Trump prolonged the preservation of some papers regarding the 1963 killing and justified the move by stating he had no option. In 2018, Trump imposed a new three-year time limit on releasing the documents. Between ‘21 and ’22, Vice President Joe Biden made public almost 12,000 official government papers.

The government has made available around 4.7 million of the 5 million pages on the assassination. However, some analysts have claimed that the government is still concealing or redacting data that may be used to expose wrongdoing at the CIA or other intelligence organizations.

On November 22, 1963, Kennedy was assassinated in Dallas while traveling in his motorcade. In the decades since Kennedy’s assassination, historians and academics have widely criticized the probe led by Chief Justice Earl Warren, which found that Lee Harvey Oswald, an ex-Marine and communist who resided in the former Soviet Union, operated alone in shooting Kennedy. 

Two days after Kennedy’s assassination, Oswald was killed.

If Trump is re-elected in 2024, he plans to disclose the remaining JFK papers. In the course of the discussion, he said that he had already disclosed a lot and plans to share the rest. The remaining items will be released early in his presidency.

Trump did not mention the possibility that the documents would make the United States appear bad or alarm the people. 
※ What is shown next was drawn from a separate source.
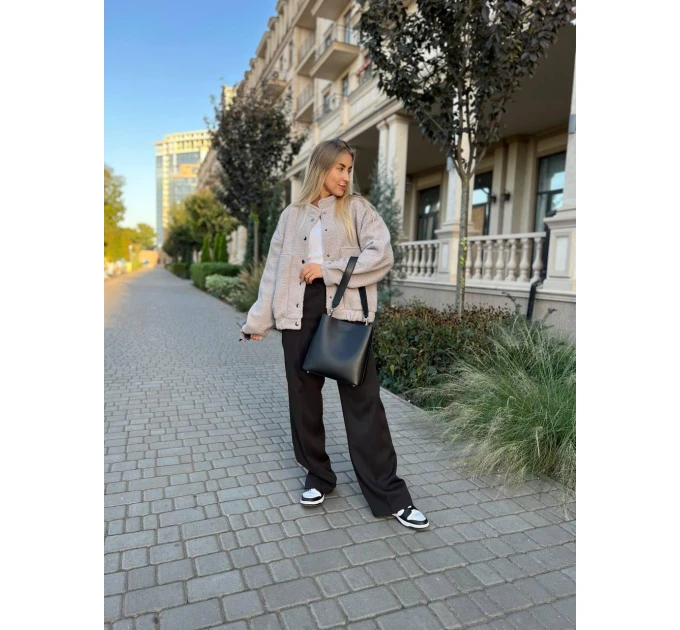 An incredibly cool women's bomber jacket made of trendy soft fabric in basic autumn colors!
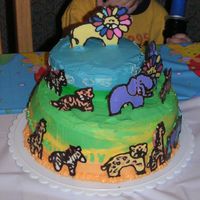 Animal Birthday Cake my son's first birthday cake. animals are made from candy melts.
Trump and Biden published documents showing that the CIA had been keeping tabs on suspected Kennedy killer Lee Harvey Oswald while he was in Mexico’s capital in the lead-up to the assassination. Based on these papers, they suggest that Oswald intended to defect to Cuba.

There was also evidence showing that high-ranking government officials discussed planning a false-flag assault against U.S. or ally facilities in order to start a conflict with the former Soviet Union.